From an epistemological point of view, a science can be defined by its object; but, this is not the case with a discipline. With a discipline, if it is a matter of field or domain (corpus) -- like French Studies, German or Russian Studies, Literary Studies, Film Studies, Canadian Studies, Medieval Studies, Religious Studies, Women's Studies, History or Humanities and Social Sciences --, it is basically an institutional classification, from a spectacular or transcendent point of view for academic and administrative reasons or purposes. These purposes are ideological, political and economic or historical and social ones, and involve work, jobs, professions, faculty, labor unions, the establishement, social classes, etc. In this way, the discipline of (by) the institution leads to the institution of (for) the discipline, to its institutionalization: the transcendence of discipline (or religion) inverts itself in the discipline of transcendence, in the "religion of transcendence" [see Marcel Gauchet. Le désenchantement du monde, p. 68] -- into indoctrination!...

SECOND PART: The discipline of immanence

If one exchanges the thematic and historical point of view for a methodological one, one is able to distinguish between a discipline (or disciplines) and discipline as a framework for thought, and maybe substitute the latter for the former.

When I began to work on this topic last fall, I was surprised to discover, in a good dictionary like Le Petit Robert 1, that "discipline" (from latin "disciplina") meant in the year 1080: "punishment", "devastation", "pain"; in the XIVth century, it was a whip designed to flagellate or mortify oneself; from that, it became, in the XVIth century, "instruction", "moral direction or influence" and, later, a "rule of behaviour"; by 1409, one has our modern definition of a discipline as a "branch of knowledge". But, like Jim MacLean indicated to me, these last three definitions are already true for Classical Latin, Latin being the university language until the XVIIth century.

So, discipline means method implying some kind of authority for or in didactics or pedagogy. From there, using method as a propaedeutic (from "paideuien": teaching) for learning and teaching, studying and searching for; being more disciplined than disciplinary without changing students into disciples...
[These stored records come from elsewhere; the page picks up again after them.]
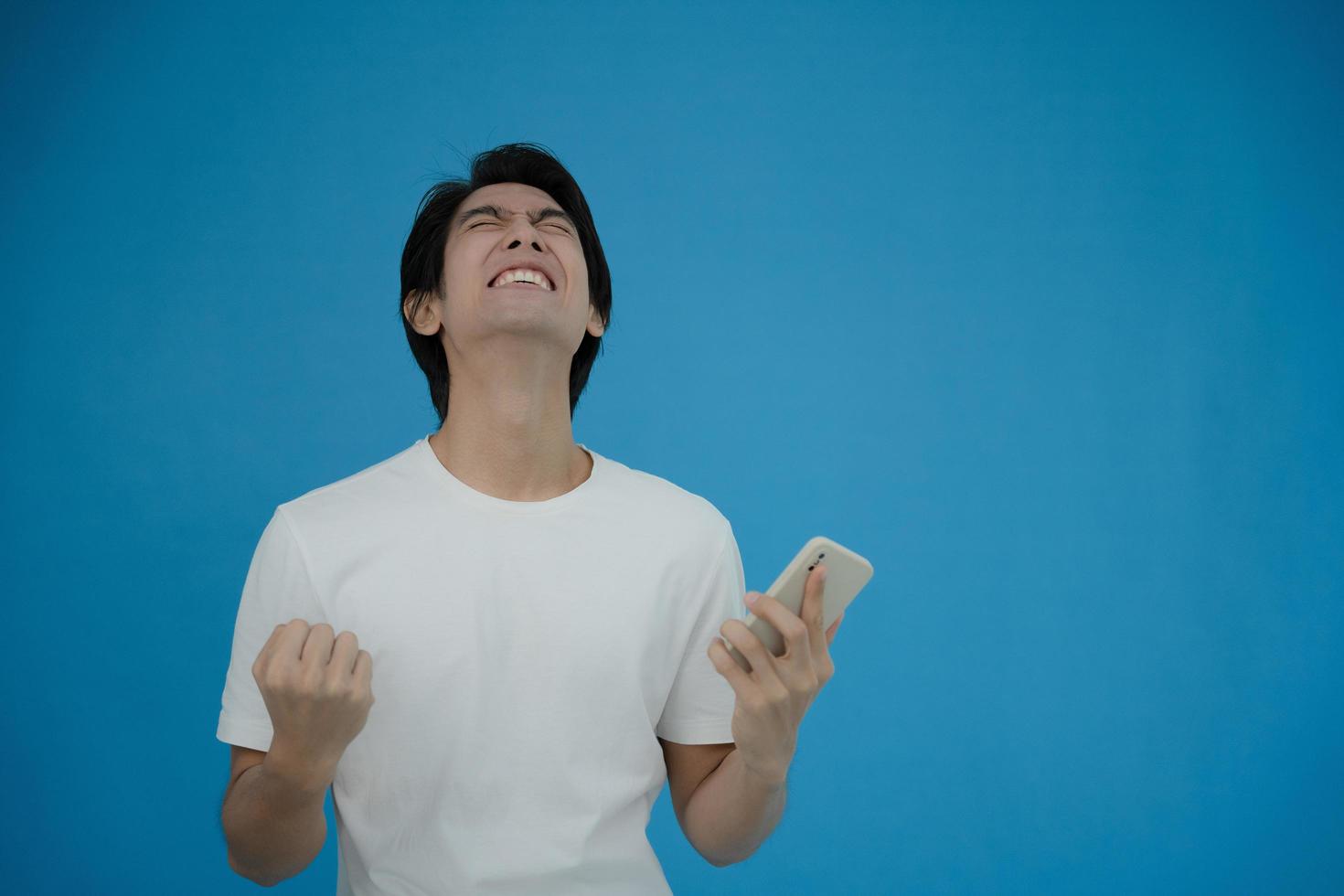 un hombre asiático genial emocionado y sorprendido por un teléfono inteligente con fondo azul. un hombre vio una venta en un sitio web de compras en línea o vio los resultados de la competencia de vítores del equipo de fútbol. foto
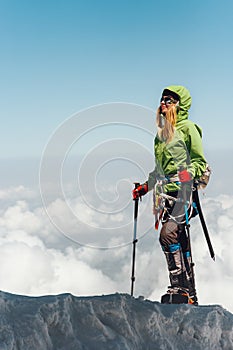 Happy Woman traveler climbing in mountains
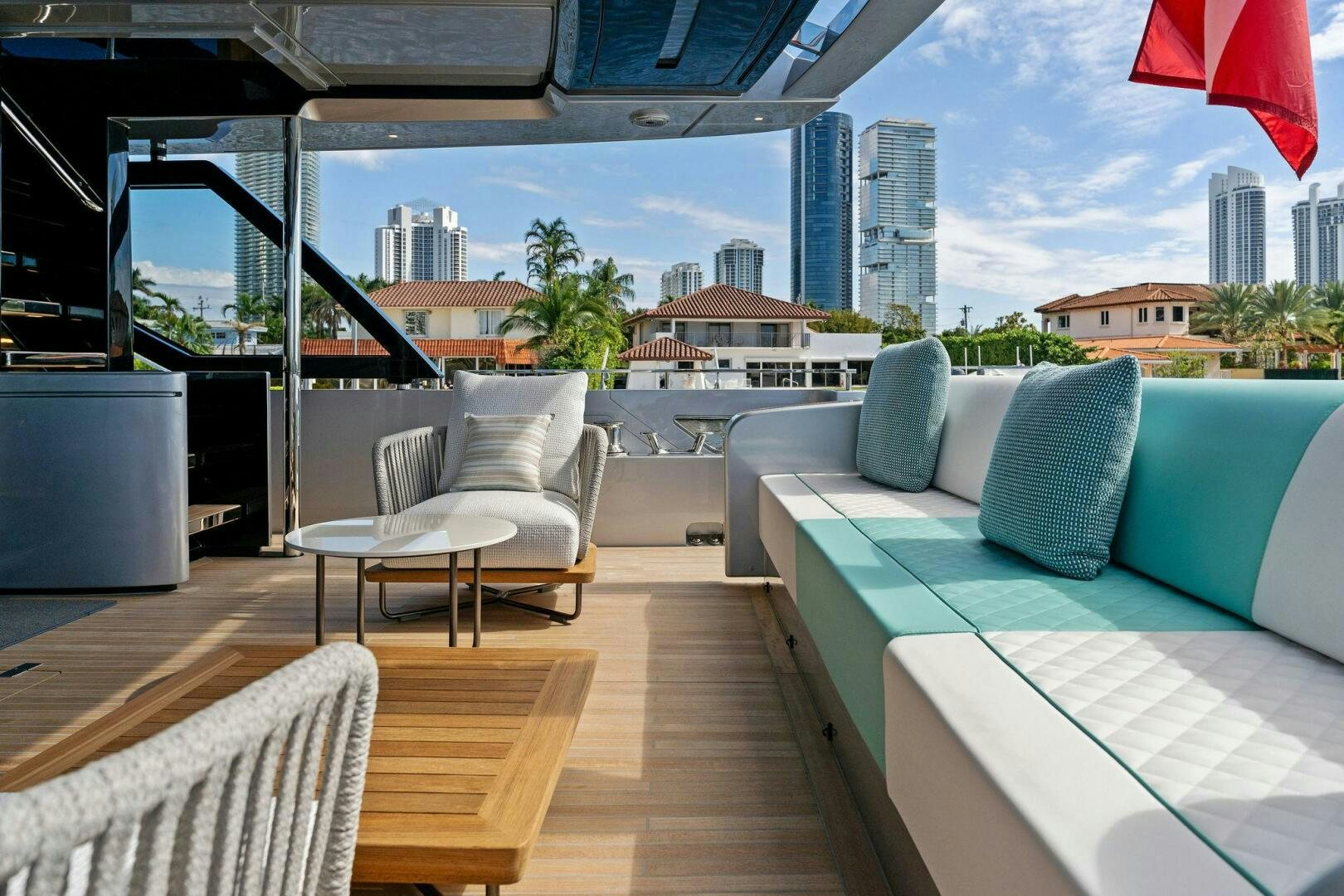 a room with a couch and a table and chairs aboard CORSARO SUPER Yacht for Sale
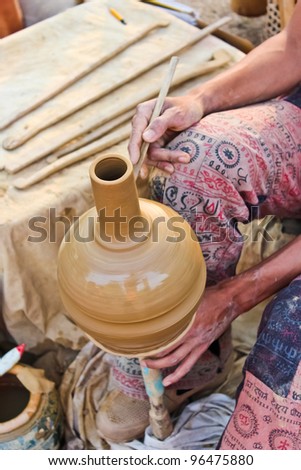 Close-up of potter turning a pot on a potter s wheel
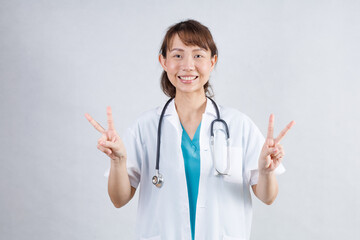 Happy beautiful female doctor in medical coat standing with crossed arms isolated on white.Asia look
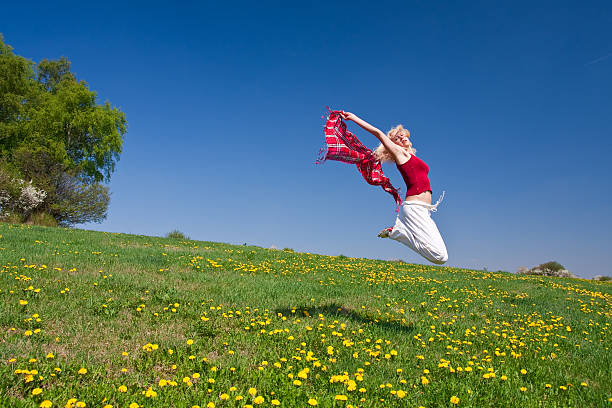 istock young woman with red scarf on meadow 97931798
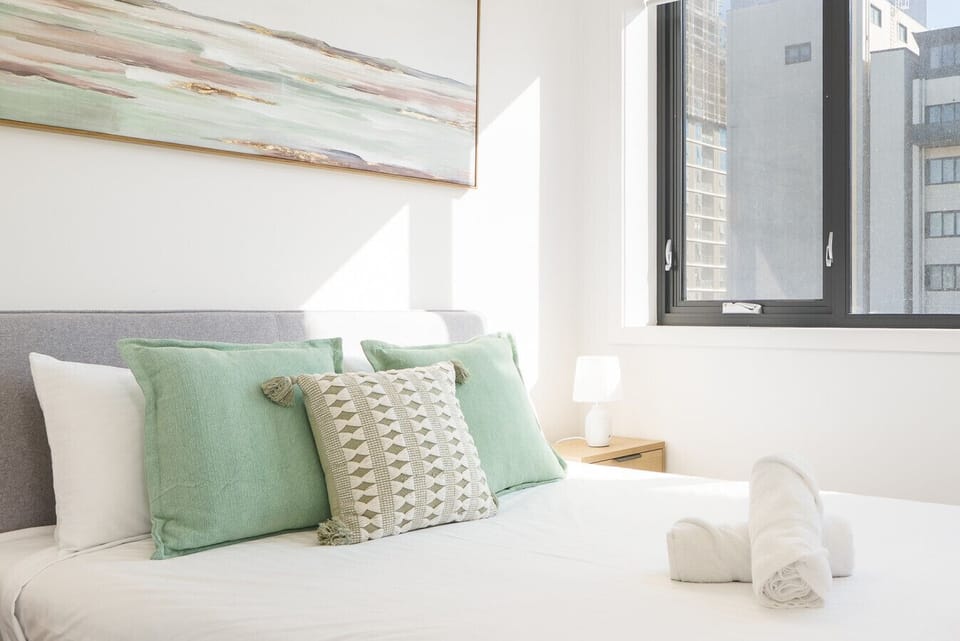 Bright and inviting bedroom with soft textures and a welcoming atmosphere.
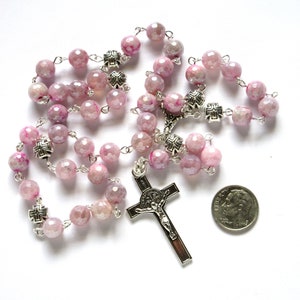May include: A rosary with faceted pink beads and silver-toned cross accents. The crucifix features a detailed depiction of Jesus. A dime is included for size reference. The beads are strung on a silver chain.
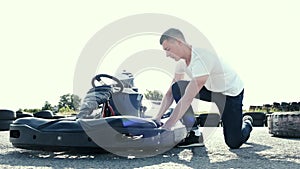 Attractive man checking tire pressure on his gocart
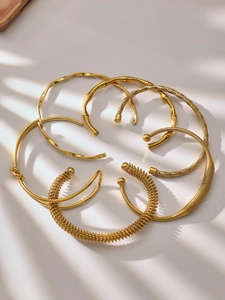 Detail van diverse gouden open armbanden met bamboe en gedraaide texturen met schaduweffect
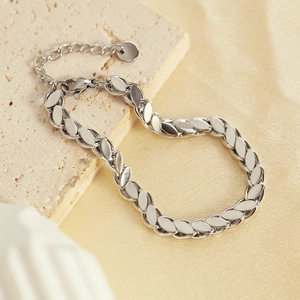 Detailed view of polished silver steel chain bracelet on a stone with gold fabric background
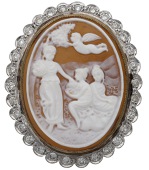 A shell cameo and diamond brooch / pendant, depicting three maidens beneath a putto, within a frame of brilliant-cut...
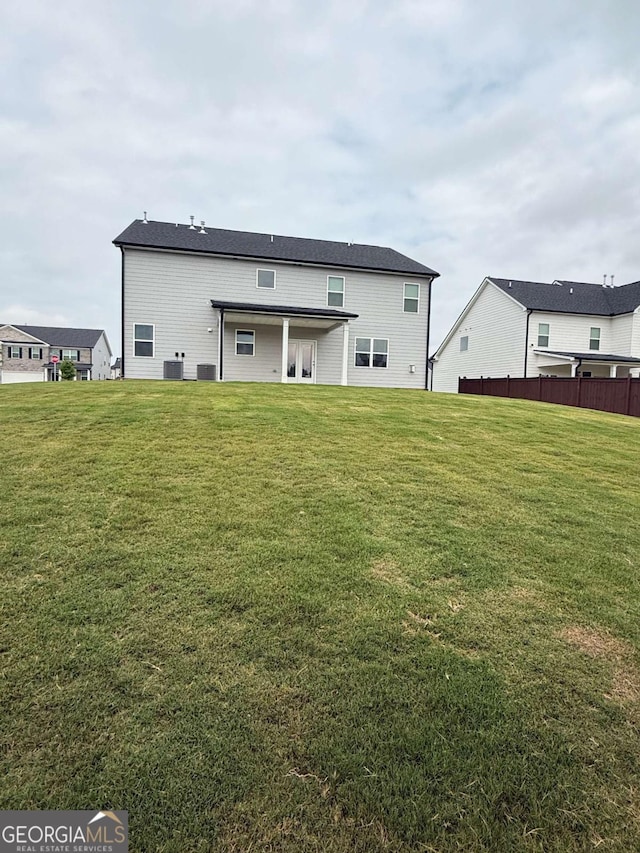 3378 English Elm Way, Loganville, GA 30052 - back of house featuring central AC unit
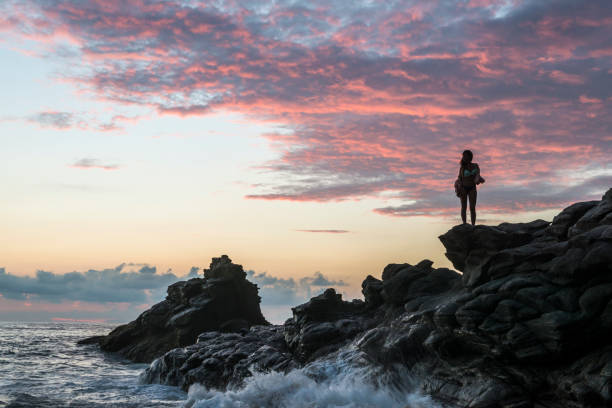 멕시코에서 극적인 일몰 동안 해변에 서 있는 여자 - beauty in nature cloud rocky coastline rock 뉴스 사진 이미지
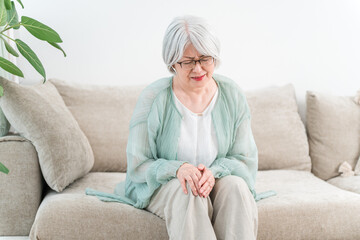 A gray-haired senior woman sitting on a sofa and suffering from knee pain (knee, knee pain)
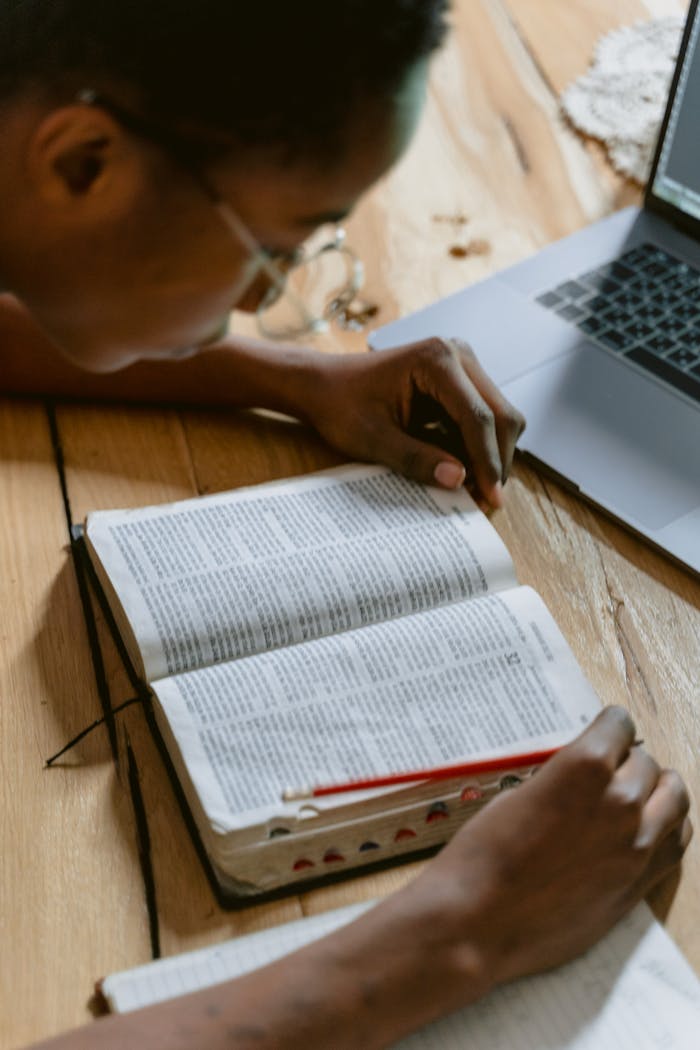 A young adult reading the Bible beside a laptop, deep in study.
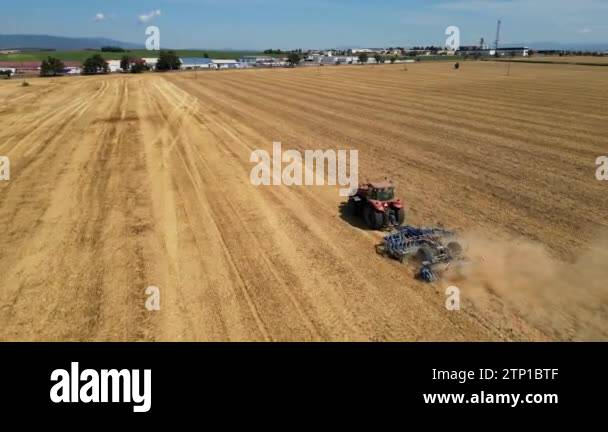 Tractor Raking Fields Red tractor ride across field with blue mountains in the background ...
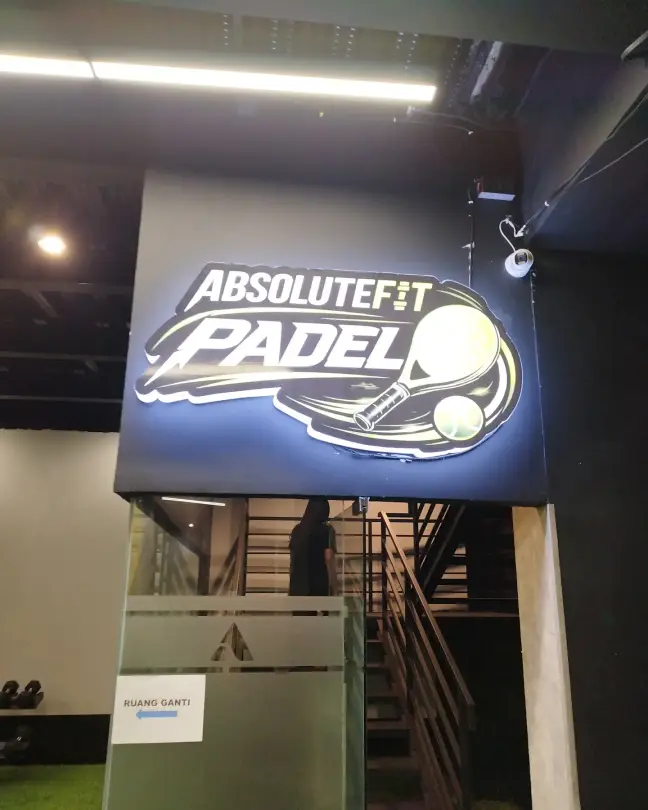 AbsoluteFit Padel sign above the stairs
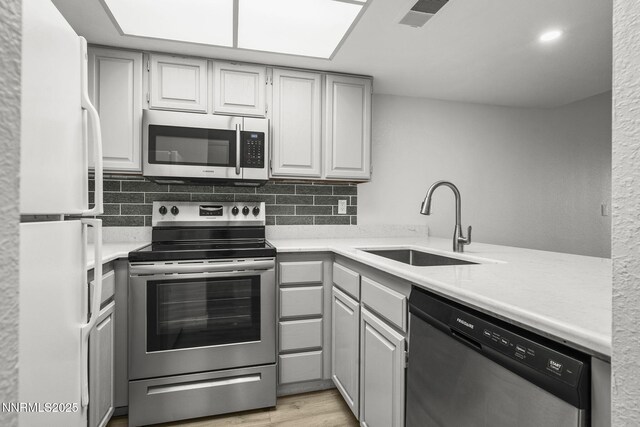 3095 Lakeside Unit 203, Reno, NV 89509 - kitchen with stainless steel appliances, light countertops, backsplash, and light wood-type flooring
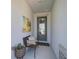 Inviting entryway with a welcome chair, stylish decor, and bright natural light at 11713 Chevelon Ln, Parrish, FL 34219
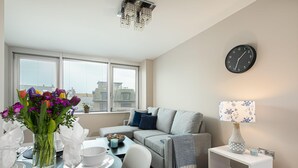 A modern living room with a sofa, a dining table set for two, a vase of flowers, and a wall clock. - Gorgeous 5 Star Location 2 min to Brighton Beach (Brighton)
At the same time, with method -- and there is no difference between method and theory, both being a matter of concepts and style --, we can cross-check an epistemological point of view and a methodological one: for Louis Hjelmslev, the founder, with Hugo Brondal, of the Linguistic School of Copenhagen called glossematics, the object is conceived as the intersection of a network of relations or connections. Going further, it could be possible to establish programs which are not based on thematic topics or disciplines but on problems, a problem being defined as an intersection of objects; going even further, a problematics could be characterized as an intersection of problems, and a university (or a faculty putting together Arts and Sciences) as an intersection of problematics.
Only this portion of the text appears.